By John Johnston / Enquirer staff writer
In black trousers and black-and-cream knit shirt, he blends in with the other young, uniformed grocery store employees.
Donny Walker 15, of Pleasant Ridge loads a customer's car with groceries in the parking lot outside the Kroger grocery store in Hyde Park
Friday June 18, 2004.
(The Enquirer/Brandi Stafford)
Maybe you don't notice him until he looks you in the eye and says from the end of the checkout aisle: "Hello, ma'am. Is plastic OK?"
He works quickly and methodically, separating cosmetics from food, keeping frozen items together, bagging it all up.
"Ma'am, your change," he says, pointing to a coin dispenser. Then: "Thank you, ma'am. Have a nice day."
Maybe you glance at his name badge. Donny, it says.

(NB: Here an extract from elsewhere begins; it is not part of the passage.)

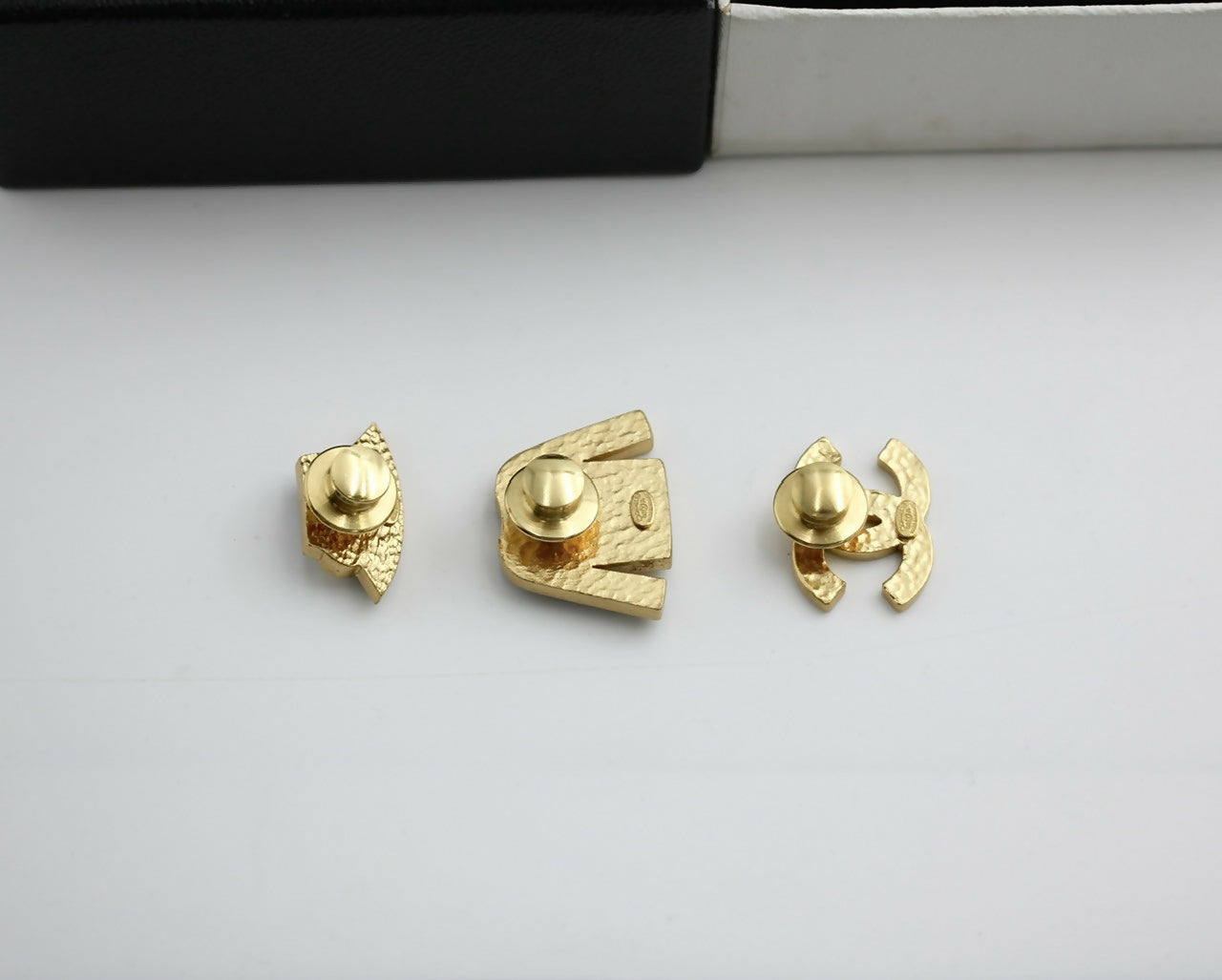 Chanel Vintage 02A Enamel Three-piece Hat Clothing CC Brooch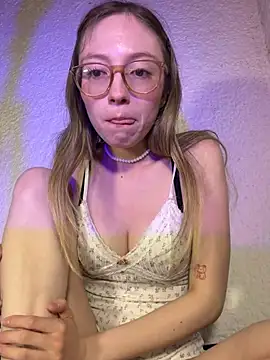 ReenKitty online show from 06.13.26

In May, Donny Walker began bagging groceries, rounding up shopping carts and cleaning scuff marks off the floor of the Hyde Park Kroger. He was hired after completing the Youth Works program, which teaches job-training skills to young people 14 to 17 who are entering the work force for the first time. It's a partnership between Kroger and the Urban League of Greater Cincinnati.
"I wanted a job," Donny says, "so I could have something positive to do, (and) make money."
This time of year, many teens are beginning their first paying jobs. And others are still looking.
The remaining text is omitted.